Private: Gold higher at 1221.03 (+4.09). Silver 15.30 (+0.113). Dollar and euro steady. Stocks called higher. U.S. 10yr 1.89% (-1 bp).

Posted in Today's top gold news and opinion |

Private: Investors are still betting big on gold. What do they know that you don’t?

CNN/Matt Egan/3-25-2016

“The stock market may be back on track, but nervous investors are still showering gold with tons of love. An impressive $13.4 billion was poured into gold assets over the past 11 weeks, according to Bank of America Merrill Lynch. That’s the largest sustained weekly inflow for gold since during the 2009 financial crisis.”

italiancoinpileMK note: Nothing new there, though the $13.4 billion dollar is impressive, as CNN states. The truth of the matter is that investors have been showering gold with love for years, and for good reasons.  What has changed, in my view, is that the hedge funds and big banks, judging from their public positions on the gold market, have joined the ranks, and that is what is moving the price in the paper markets.  The hedge funds are active in the ETFs and the big banks are active in the paper gold markets in New York and London.  This interest has been verified in the latest reports on volumes for both the COMEX and gold ETFs.

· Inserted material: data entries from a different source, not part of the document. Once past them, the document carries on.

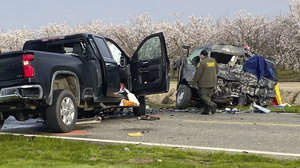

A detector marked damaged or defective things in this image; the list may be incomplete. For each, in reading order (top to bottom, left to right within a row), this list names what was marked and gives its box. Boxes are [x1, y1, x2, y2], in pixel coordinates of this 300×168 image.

wrecked vehicle [176, 43, 276, 109]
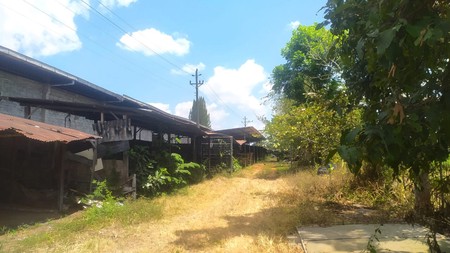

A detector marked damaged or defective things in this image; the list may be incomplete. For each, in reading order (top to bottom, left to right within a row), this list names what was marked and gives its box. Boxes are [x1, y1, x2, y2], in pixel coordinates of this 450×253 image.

rusty corrugated metal roof [0, 113, 99, 143]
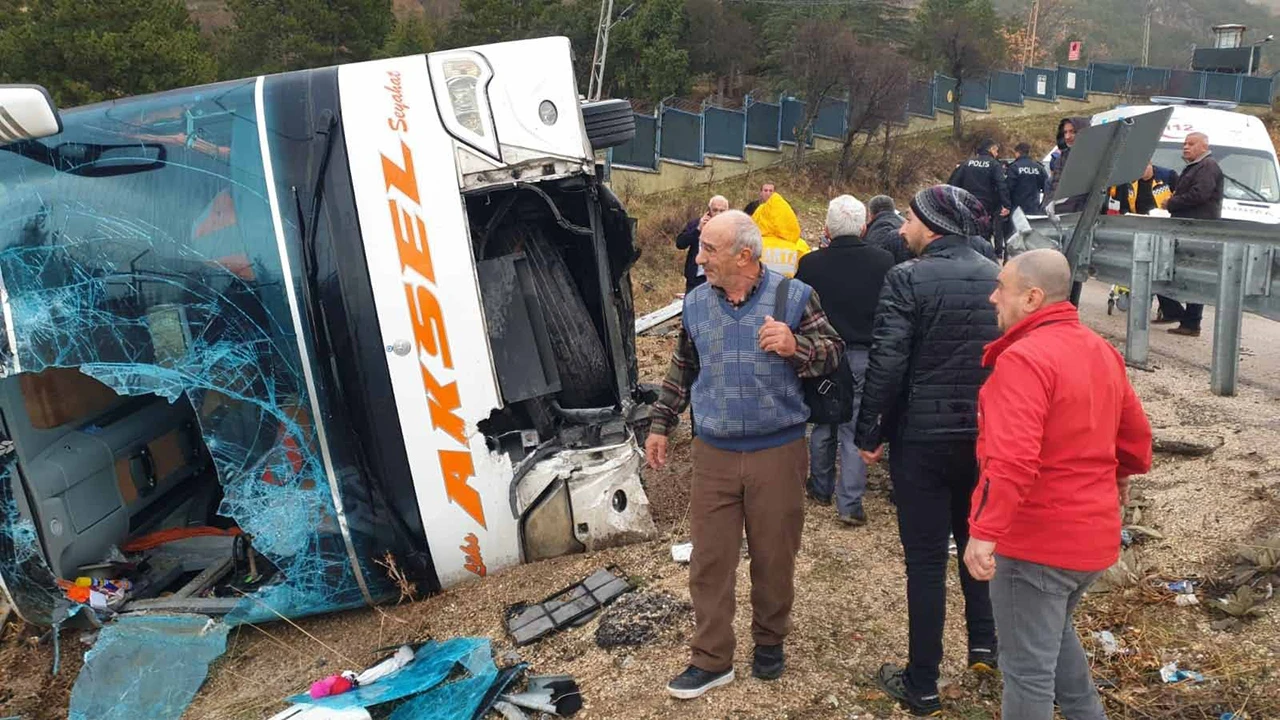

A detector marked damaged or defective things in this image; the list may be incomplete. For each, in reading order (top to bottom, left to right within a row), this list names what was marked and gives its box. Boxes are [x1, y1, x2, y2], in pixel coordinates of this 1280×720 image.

shattered windshield glass [0, 75, 389, 620]
overturned bus [0, 36, 655, 625]
broken plastic debris [670, 540, 691, 563]
torn metal sheet [66, 609, 230, 717]
broken plastic debris [1090, 630, 1121, 653]
broken plastic debris [1167, 661, 1203, 681]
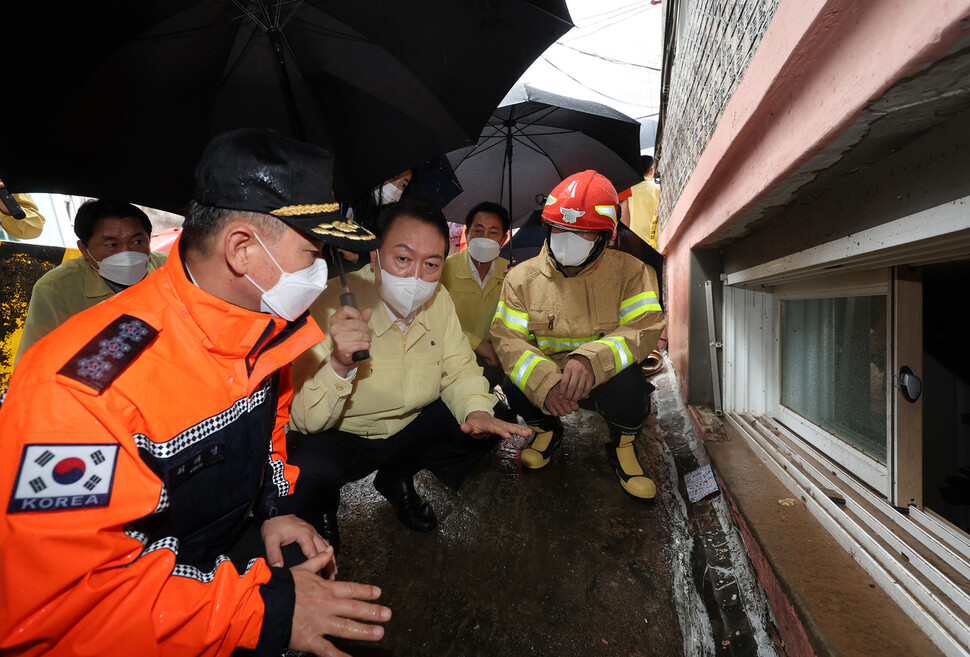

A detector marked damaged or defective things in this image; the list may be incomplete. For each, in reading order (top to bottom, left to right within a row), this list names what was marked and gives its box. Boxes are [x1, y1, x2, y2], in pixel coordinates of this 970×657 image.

peeling wall paint [0, 241, 80, 386]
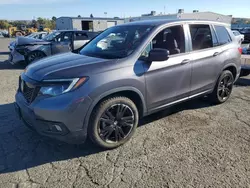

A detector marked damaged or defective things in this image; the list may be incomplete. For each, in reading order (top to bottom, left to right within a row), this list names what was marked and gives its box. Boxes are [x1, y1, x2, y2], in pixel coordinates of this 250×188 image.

cracked asphalt [0, 37, 250, 187]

Keep in mind too that all the while China still has an offer out for all the loose physical gold that can be shipped to Shanghai, including apparently whatever Venezuela is selling (given the fact that its gold is being shipped to Switzerland for re-refining into China-friendly kilo bars).  I would suspect that any other physical tranches that surface of size in the months to come will meet a similar fate.  It will be interesting to see what happens when the physically-based Shanghai Fix comes on line, scheduled for April.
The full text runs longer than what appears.